Prince Namor, The Sub-Mariner #14

 Posted: May 2022
 Staff: Al Sjoerdsma (E-Mail)

Background

The Sub-Mariner is one of Marvel’s earliest heroes. Created by Bill Everett, Prince Namor appeared in Marvel’s (then Timely’s) first every comic, Marvel Comics #1, October 1939. But, if you started reading in order, from the front of the comic, the Sub-Mariner was the third hero you encountered because the first story, and the cover, belonged to the Human Torch, created by Carl Burgos.
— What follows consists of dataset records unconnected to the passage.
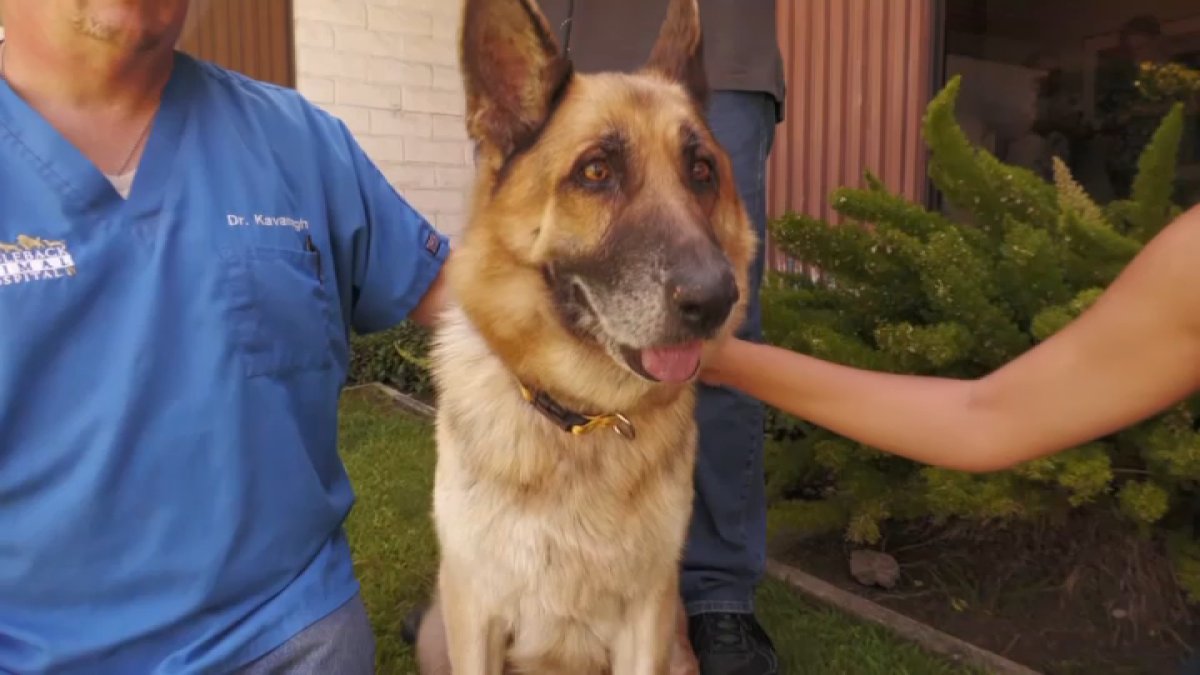 German shepherd found ziptied in Malibu, now battling cancer NBC Los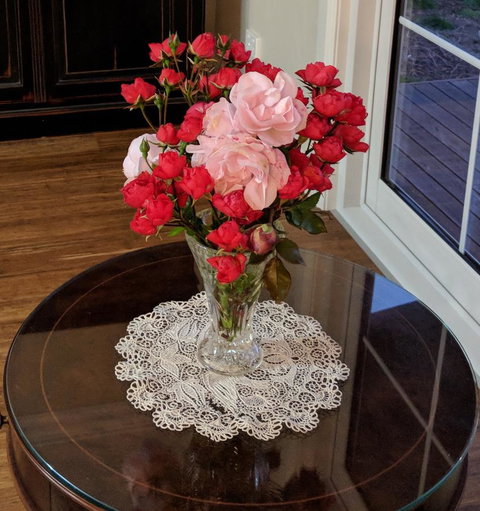 Mountain Blue Guest House - Accommodation Sunshine Coast 8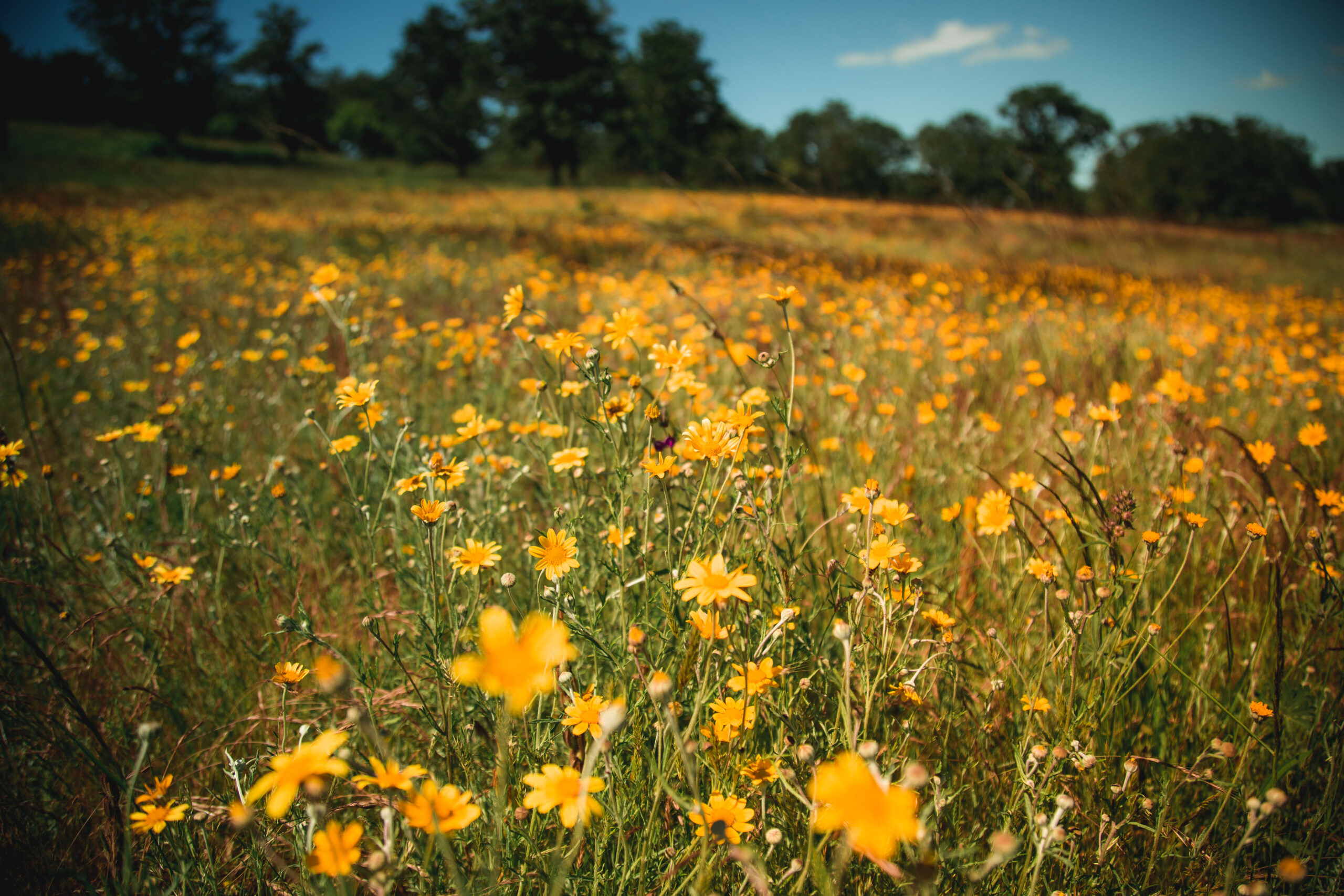 Decorative picture containing yellow wildflowers.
With the second story starring the Golden Age Angel who is not the Angel from the X-Men. If you follow that logic, then Subby is the third Timely hero, except that, technically, Namor preceded the others because he first appeared in Motion Pictures Funnies Weekly which was intended to be distributed for free in movie theatres but was never officially published, although sample copies do (or did?) exist.

In Marvel Comics #1 neither Namor nor the Torch come across as particularly heroic. In his first story, Namor kills two deep-sea divers, thinking them robots, and destroys their salvage ship. His mother urges him into a “war of revenge” against the surface people even though his father was one of them. In his story, the Torch initially cannot control his flame and runs around wreaking havoc. Oh, and he’s a “synthetic man,” created by Professor Horton, who refers to the Torch as “the monstrosity which I’ve created.”

Both characters proved so popular that they continued in Marvel Comics (renamed Marvel Mystery Comics with issue #2) until the end of its run with Marvel Mystery Comics #92, June 1949 (well, actually, Namor’s last appearance was in #91). Both had their own titles and their popularity was such that they met and fought each other in Marvel Mystery Comics #8-9, June-July 1940 in comics’ first crossover.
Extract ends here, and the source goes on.